Ford Motor Co. (F), projecting losses of more than $1 billion in Europe this year, is examining the competitiveness of its vehicle lineup and brand in the region as it draws up a turnaround plan.
“Our results in the last 12 months in Europe are not acceptable and we need to address that situation,” Stuart Rowley, Ford’s controller, said today at a JPMorgan Chase & Co. auto conference in New York. “We are looking at our plan and will address all aspects of our business, looking at our structural costs, our product portfolio and our brand.”
Analysts such as Morgan Stanley’s Adam Jonas have been suggesting that Ford close one or more factories in Europe.

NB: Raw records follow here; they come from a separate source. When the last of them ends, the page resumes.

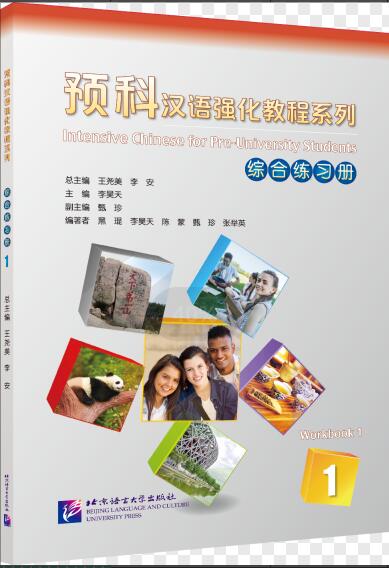 Intensive Chinese for Pre-University Student Workbook 1
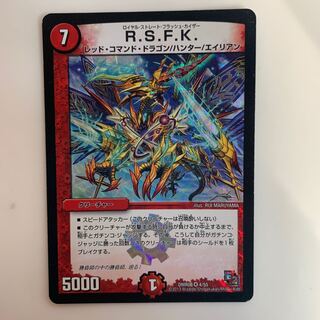 デュエルマスターズ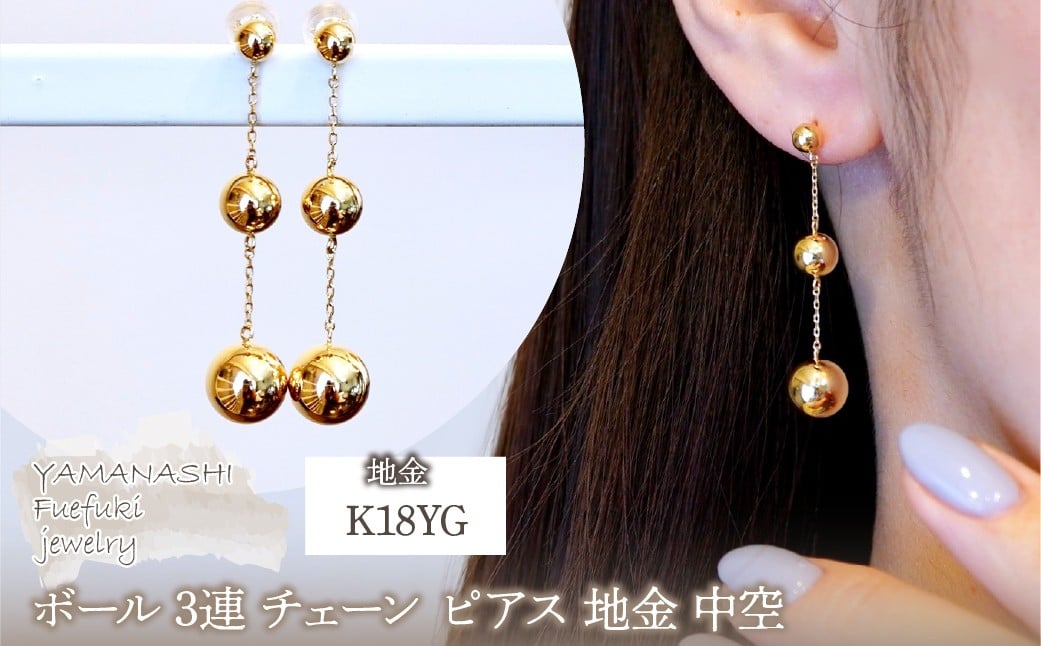 
            K18(18金) イエローゴールド ボール 3連 チェーン ピアス 地金 中空 保証書付 M710-1 242-039
          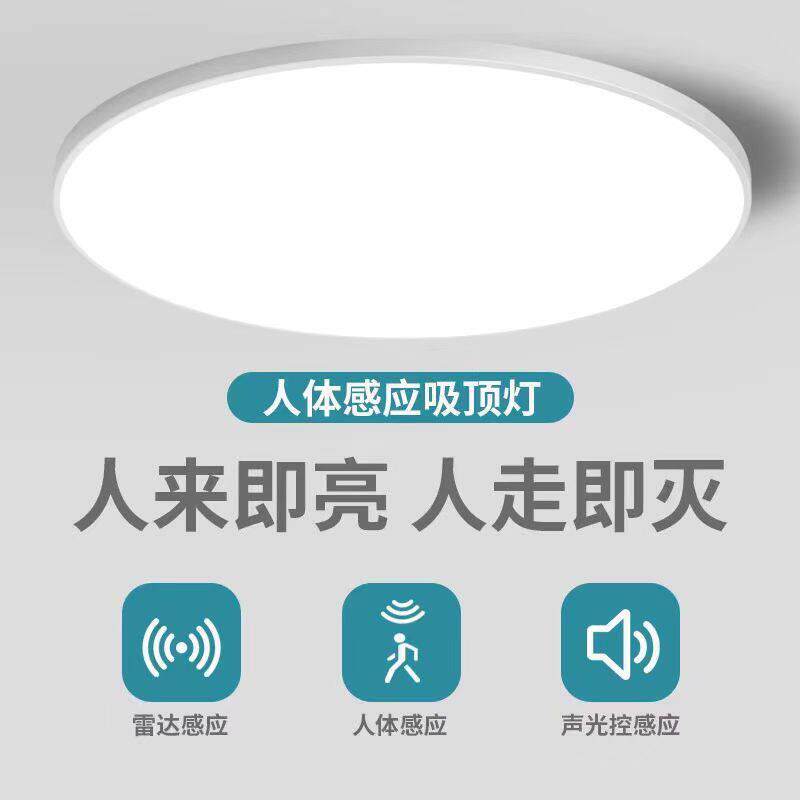 led人体感应灯楼道吸顶灯 声控灯过道光控灯红外线楼梯阳台车库灯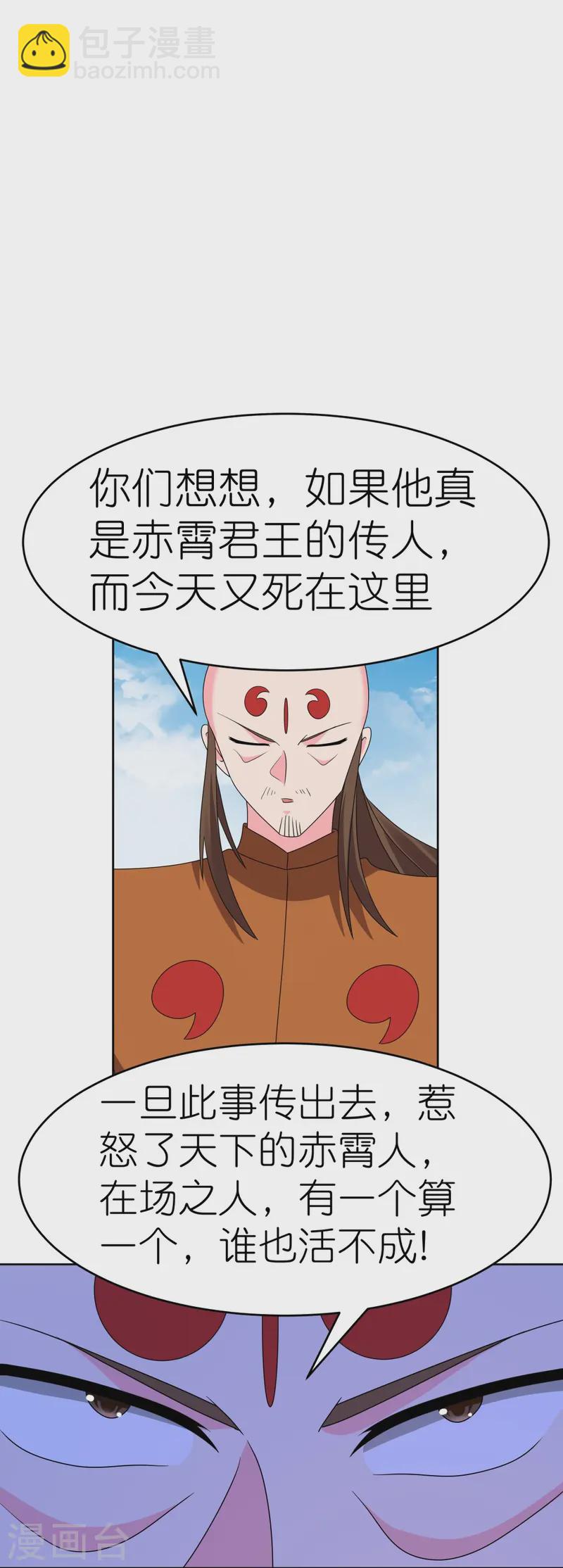🍲尊上 第454话 冒充 第14页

The automaker is using just 63 percent of its production capacity in the region, according to Morgan Stanley. Ford’s second-quarter net income fell 57 percent to $1.04 billion as operating losses in Europe widened to $404 million.

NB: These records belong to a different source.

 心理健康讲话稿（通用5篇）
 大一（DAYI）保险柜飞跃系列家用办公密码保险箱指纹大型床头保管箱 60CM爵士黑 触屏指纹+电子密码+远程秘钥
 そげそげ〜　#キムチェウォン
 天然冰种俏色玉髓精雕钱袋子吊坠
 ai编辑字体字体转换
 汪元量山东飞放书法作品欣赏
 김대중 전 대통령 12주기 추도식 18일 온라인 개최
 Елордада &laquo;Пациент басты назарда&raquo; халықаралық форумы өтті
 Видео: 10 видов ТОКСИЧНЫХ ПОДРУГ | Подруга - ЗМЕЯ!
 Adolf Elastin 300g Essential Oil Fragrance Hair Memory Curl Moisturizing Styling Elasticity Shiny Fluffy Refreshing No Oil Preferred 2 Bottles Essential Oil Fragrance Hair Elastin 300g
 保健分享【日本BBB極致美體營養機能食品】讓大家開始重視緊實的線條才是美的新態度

“Cost alone cannot get us to where we need to be,” Rowley said. “Look at our North American business, that’s a good guide. We continued to invest in our product plan.”
The economic crisis in Europe is denting the revival Chief Executive Officer Alan Mulally has engineered at Ford. The Dearborn, Michigan-based automaker last month lowered its outlook for full-year profit, saying it no longer expected to equal last year’s pretax operating profit of $8.8 billion.

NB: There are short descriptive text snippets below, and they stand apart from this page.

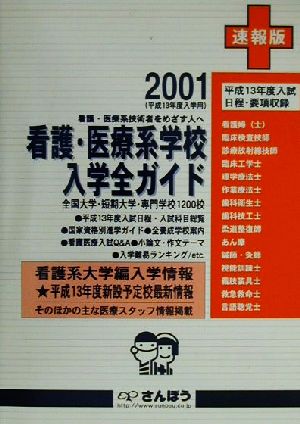 看護・医療系学校入学全ガイド(2001(平成13年度入学用)) 看護・医療系技術者をめざす人へ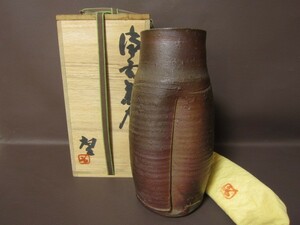 某蒐集家放出品！備前花入 人間国宝 藤原啓 作 裏千家十五代 鵬雲斎 花押 銘 松風☆185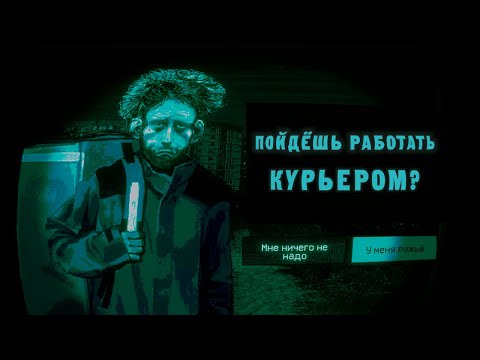 Видео: Как я работал в самокате (ЭТО АД) (Battlefield  6)
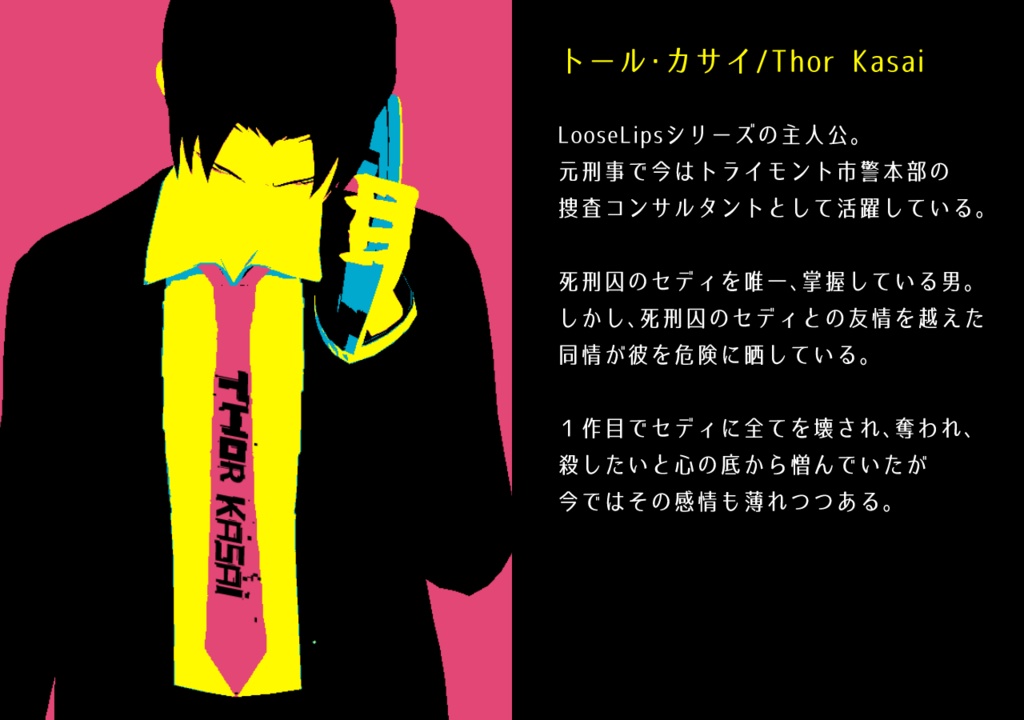 【体験版】Loose Lips(SIDE:Dry_Kissing)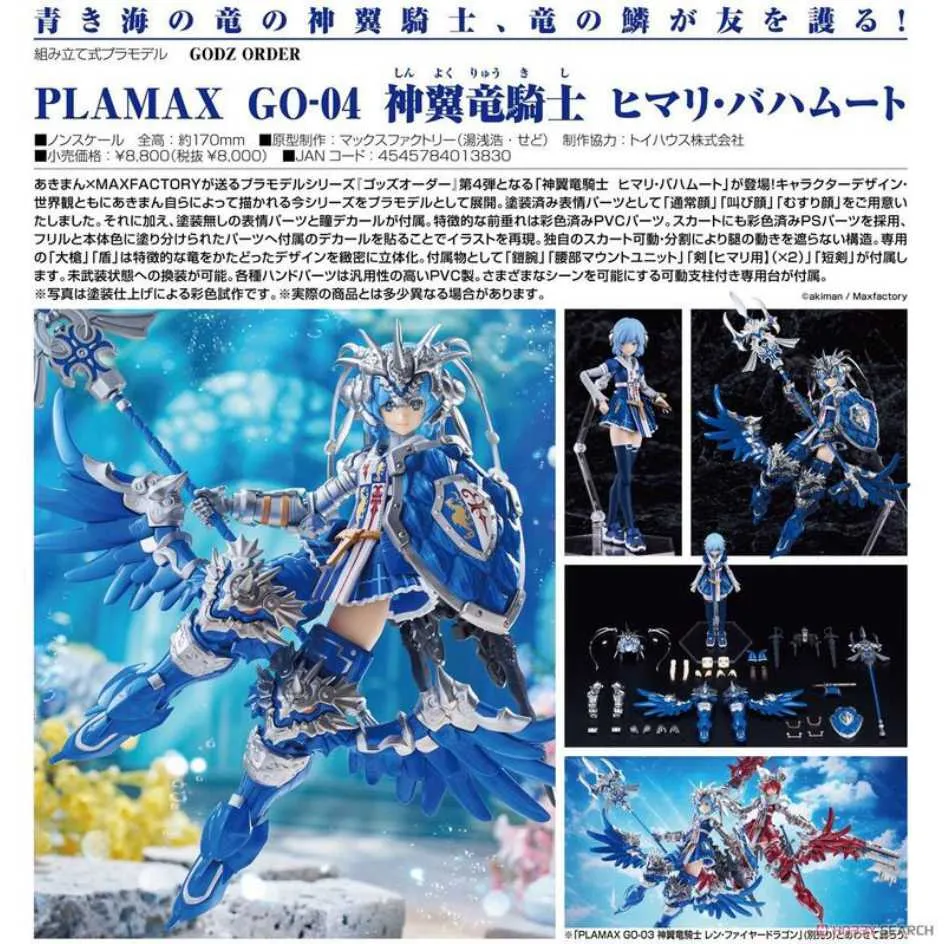 GSC Max Factory PLAMAX MS-13 鋼衣空王丸 【預購】【GAME休閒館】 歷史價格詳細信息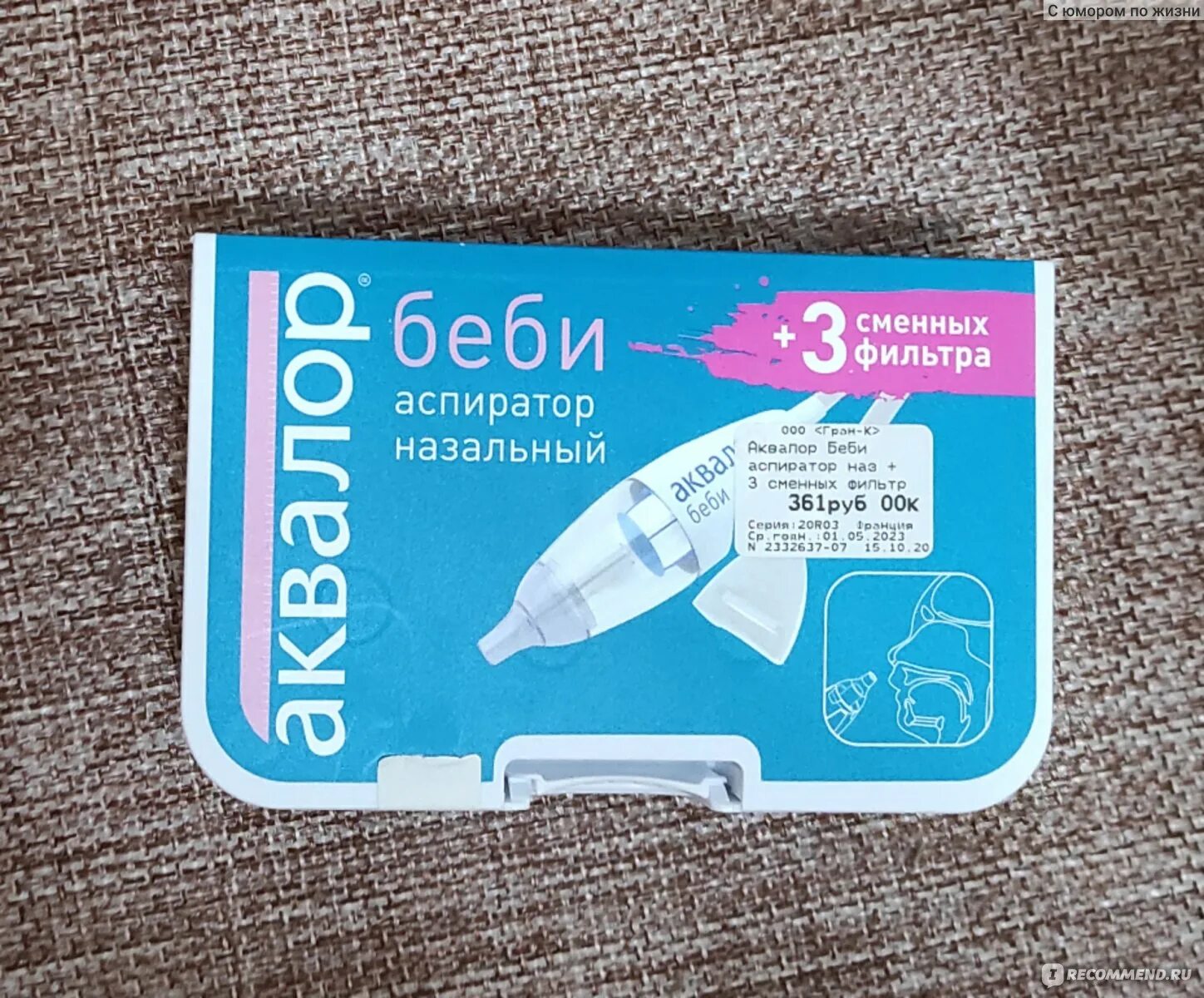Аквалор бэби аспиратор. Аквалор бэби аспиратор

The economy in Europe, which accounts for about a quarter of Ford’s revenue, is worse than the company anticipated at the start of 2012 and will stay challenging for at least five more years, Chief Financial Officer Bob Shanks has said.
Ford is not cutting prices in Europe as aggressively as others, Rowley said.
“There’s a lot of discounting,” he said. “We think it’s very important to focus on maintaining margins as we address our issues in Europe.”
Ford rose 0.4 percent to $9.44 at the close in New York. The shares have fallen 12 percent this year.
The company’s European sales fell 10 percent in the first half, while industrywide deliveries dropped 6.3 percent.
The challenges in Europe, where industry sales have fallen 22 percent since 2007, aren’t simply the result of a cyclical, recessionary decline, Rowley said. The cost structure of the European auto industry, which includes factory capacity, is to blame for the crisis all carmakers face there, he said.
“We view the issues to be more structural and we need to consider our plans in that context and we’ll develop them accordingly,” Rowley said. “We certainly don’t think muddling along will work.”
In North America, where Ford generates most of its sales and profit, second-quarter pretax operating income rose to $2.01 billion, from $1.9 billion last year. The company said North American operating margin was 10.2 percent.
Ford has more debt than General Motors Co. (GM) and Chrysler Group LLC because it borrowed $23.4 billion in late 2006 and avoided the bailouts and bankruptcies that befell the predecessors of those competitors in 2009. Ford put up all major assets as collateral, including its blue oval logo.
Ford recovered those assets May 22 when Moody’s Investors Service became the second major rating company, after Fitch Ratings, to raise the automaker to investment grade. Standard & Poor’s, which rates Ford one step below that level, raised its outlook on the automaker Aug. 10 to “positive” from “stable.”